*** EXCERPTED RECORDS

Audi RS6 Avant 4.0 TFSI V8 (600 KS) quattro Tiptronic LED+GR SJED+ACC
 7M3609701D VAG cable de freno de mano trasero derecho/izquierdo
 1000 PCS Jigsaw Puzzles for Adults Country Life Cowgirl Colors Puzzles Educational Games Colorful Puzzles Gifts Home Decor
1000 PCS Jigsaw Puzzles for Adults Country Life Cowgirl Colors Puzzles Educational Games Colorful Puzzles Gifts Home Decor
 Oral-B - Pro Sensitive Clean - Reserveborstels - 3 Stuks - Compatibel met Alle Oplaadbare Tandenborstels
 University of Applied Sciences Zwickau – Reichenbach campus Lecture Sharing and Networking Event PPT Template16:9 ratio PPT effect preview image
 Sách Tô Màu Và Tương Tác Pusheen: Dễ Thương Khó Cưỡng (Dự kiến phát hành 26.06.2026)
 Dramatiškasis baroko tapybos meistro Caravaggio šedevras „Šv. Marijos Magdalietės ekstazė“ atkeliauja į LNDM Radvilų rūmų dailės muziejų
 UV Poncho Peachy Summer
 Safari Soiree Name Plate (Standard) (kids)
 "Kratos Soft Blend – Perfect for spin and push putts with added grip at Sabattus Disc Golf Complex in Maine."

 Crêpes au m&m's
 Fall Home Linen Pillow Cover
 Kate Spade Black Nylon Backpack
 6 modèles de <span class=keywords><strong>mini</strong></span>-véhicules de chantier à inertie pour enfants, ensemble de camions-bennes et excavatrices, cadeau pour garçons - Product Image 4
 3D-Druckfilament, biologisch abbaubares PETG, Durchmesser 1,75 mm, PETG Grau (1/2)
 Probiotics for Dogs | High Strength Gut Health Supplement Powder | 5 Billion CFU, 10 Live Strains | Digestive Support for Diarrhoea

******

WHAT TO DO » Transcribe every entry in the listing, word for word.

ANSWER TO THE PROBLEM »
Audi RS6 Avant 4.0 TFSI V8 (600 KS) quattro Tiptronic LED+GR SJED+ACC
 7M3609701D VAG cable de freno de mano trasero derecho/izquierdo
 1000 PCS Jigsaw Puzzles for Adults Country Life Cowgirl Colors Puzzles Educational Games Colorful Puzzles Gifts Home Decor
1000 PCS Jigsaw Puzzles for Adults Country Life Cowgirl Colors Puzzles Educational Games Colorful Puzzles Gifts Home Decor
 Oral-B - Pro Sensitive Clean - Reserveborstels - 3 Stuks - Compatibel met Alle Oplaadbare Tandenborstels
 University of Applied Sciences Zwickau – Reichenbach campus Lecture Sharing and Networking Event PPT Template16:9 ratio PPT effect preview image
 Sách Tô Màu Và Tương Tác Pusheen: Dễ Thương Khó Cưỡng (Dự kiến phát hành 26.06.2026)
 Dramatiškasis baroko tapybos meistro Caravaggio šedevras „Šv. Marijos Magdalietės ekstazė“ atkeliauja į LNDM Radvilų rūmų dailės muziejų
 UV Poncho Peachy Summer
 Safari Soiree Name Plate (Standard) (kids)
 "Kratos Soft Blend – Perfect for spin and push putts with added grip at Sabattus Disc Golf Complex in Maine."

 Crêpes au m&m's
 Fall Home Linen Pillow Cover
 Kate Spade Black Nylon Backpack
 6 modèles de <span class=keywords><strong>mini</strong></span>-véhicules de chantier à inertie pour enfants, ensemble de camions-bennes et excavatrices, cadeau pour garçons - Product Image 4
 3D-Druckfilament, biologisch abbaubares PETG, Durchmesser 1,75 mm, PETG Grau (1/2)
 Probiotics for Dogs | High Strength Gut Health Supplement Powder | 5 Billion CFU, 10 Live Strains | Digestive Support for Diarrhoea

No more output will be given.